CN104952819A - Semiconductor package and guard units - Google Patents

Abstract

A semiconductor package may include: a plurality of slave chips stacked on a master chip via through-silicon vias (TSVs); a first guard unit disposed around each of the slave chips; and a second A guard unit formed at a first distance from the first guard unit and disposed at the main chip.

Description

Semiconductor Packages and Guard Units

Cross References to Related Applications

This application claims priority from Korean Patent Application No. 10-2014-0034034 filed with the Korean Intellectual Property Office on March 24, 2014, the entire contents of which are hereby incorporated by reference.

technical field

Various embodiments relate to a semiconductor package, and more particularly, to a semiconductor package with through silicon vias (TSVs).

Background technique

Recently, with the demand for high integration and high capacity of semiconductor products, a structure having a plurality of semiconductor chips stacked in a vertical direction has been proposed. Representative examples of a structure having a plurality of semiconductor chips stacked in the vertical direction may include a structure having a plurality of semiconductor chips stacked via TSVs.

A plurality of semiconductor chips stacked via TSVs may be packaged for commercialization. A semiconductor package refers to a structure that is sealed with molding resin or ceramics so that a semiconductor chip having a microcircuit formed therein is protected from external influences and mounted in an electronic device.

Contents of the invention

In one embodiment, a semiconductor package may include: a plurality of slave chips stacked on a master chip via through-silicon vias (TSVs). The semiconductor package may further include a first guard unit disposed around each of the slave chips. In addition, the semiconductor package may include a second guard unit formed at a first distance from the first guard unit and disposed at the main chip.

In one embodiment, a semiconductor package may include a semiconductor chip stacked on one side of a top surface of an interposer. The semiconductor package may further include a control chip stacked on the other side of the top surface of the interposer. In addition, the semiconductor chip may include a plurality of guard units.
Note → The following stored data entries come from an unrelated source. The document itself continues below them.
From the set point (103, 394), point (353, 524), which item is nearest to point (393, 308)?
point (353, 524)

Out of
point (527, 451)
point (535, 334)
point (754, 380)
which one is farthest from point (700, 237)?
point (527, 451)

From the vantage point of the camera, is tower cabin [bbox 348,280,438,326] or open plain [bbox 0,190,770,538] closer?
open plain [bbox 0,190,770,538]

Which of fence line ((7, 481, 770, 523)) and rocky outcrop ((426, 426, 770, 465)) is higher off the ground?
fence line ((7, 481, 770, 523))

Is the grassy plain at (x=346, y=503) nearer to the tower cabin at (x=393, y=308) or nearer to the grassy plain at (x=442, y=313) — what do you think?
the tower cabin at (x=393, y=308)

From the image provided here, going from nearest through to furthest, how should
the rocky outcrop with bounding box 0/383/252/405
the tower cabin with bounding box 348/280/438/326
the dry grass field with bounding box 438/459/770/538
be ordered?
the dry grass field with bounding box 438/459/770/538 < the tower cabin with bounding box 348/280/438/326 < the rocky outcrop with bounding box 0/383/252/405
In one embodiment, a semiconductor package may include a first protection unit configured to be disposed outside a plurality of slave chips. The semiconductor package may further include a second protection unit configured to be disposed outside the main chip. In addition, the second guard unit is disposed at a distance from the first guard unit, and is configured at a height allowing stacking of a plurality of slave chips.

Description of drawings

FIG. 1 is a diagram illustrating the structure of a semiconductor package according to one embodiment of the present invention;

2 is a diagram illustrating a first guard unit, a second guard unit, and a dummy pattern portion of a semiconductor package according to one embodiment of the present invention;

3 is a diagram illustrating structures of a first guard part and a second guard part of a semiconductor package according to one embodiment of the present invention;

4A and 4B are diagrams illustrating the structure of a dummy pattern portion of a semiconductor package according to one embodiment of the present invention;

5 is a diagram illustrating the structure of a semiconductor package according to one embodiment of the present invention;

6 is a diagram illustrating first to fourth guard units and a dummy pattern portion of a semiconductor package according to one embodiment of the present invention; and

Figure 7 illustrates a block diagram of a system utilizing a memory controller circuit according to one embodiment of the present invention.

Detailed ways

Hereinafter, a semiconductor package according to the present invention will be described through various embodiments with reference to the accompanying drawings. In order to package a plurality of semiconductor chips stacked via TSVs, it is necessary to perform a molding process. However, cracks may occur in the semiconductor chip during the molding process, or the reliability of the semiconductor chip may be reduced due to moisture. Various embodiments are directed to a semiconductor package including two or more guard units to improve reliability thereof.

Referring to FIG. 1 , the semiconductor package 100 may include: a master chip 110 , first to third slave chips 121 to 123 , through silicon vias (TSVs) 130 , and a molding part 140 . The first to third slave chips 121 to 123 may be configured to be stacked on the master chip 110 . The TSV 130 may be formed to pass through the first slave chip 121 to the third slave chip 123. The molding part 140 may be configured to cover a top surface of the master chip 110 including the plurality of slave chips 120 to protect the plurality of slave chips 120 from an external environment. The master chip 100 may be configured to have a larger size than the plurality of slave chips 200 . This is because the semiconductor package 100 according to one embodiment of the present invention includes two or more protection units to prevent package defects caused by moisture or cracks. In addition, a second guard unit among the guard units is provided at the main chip 110 .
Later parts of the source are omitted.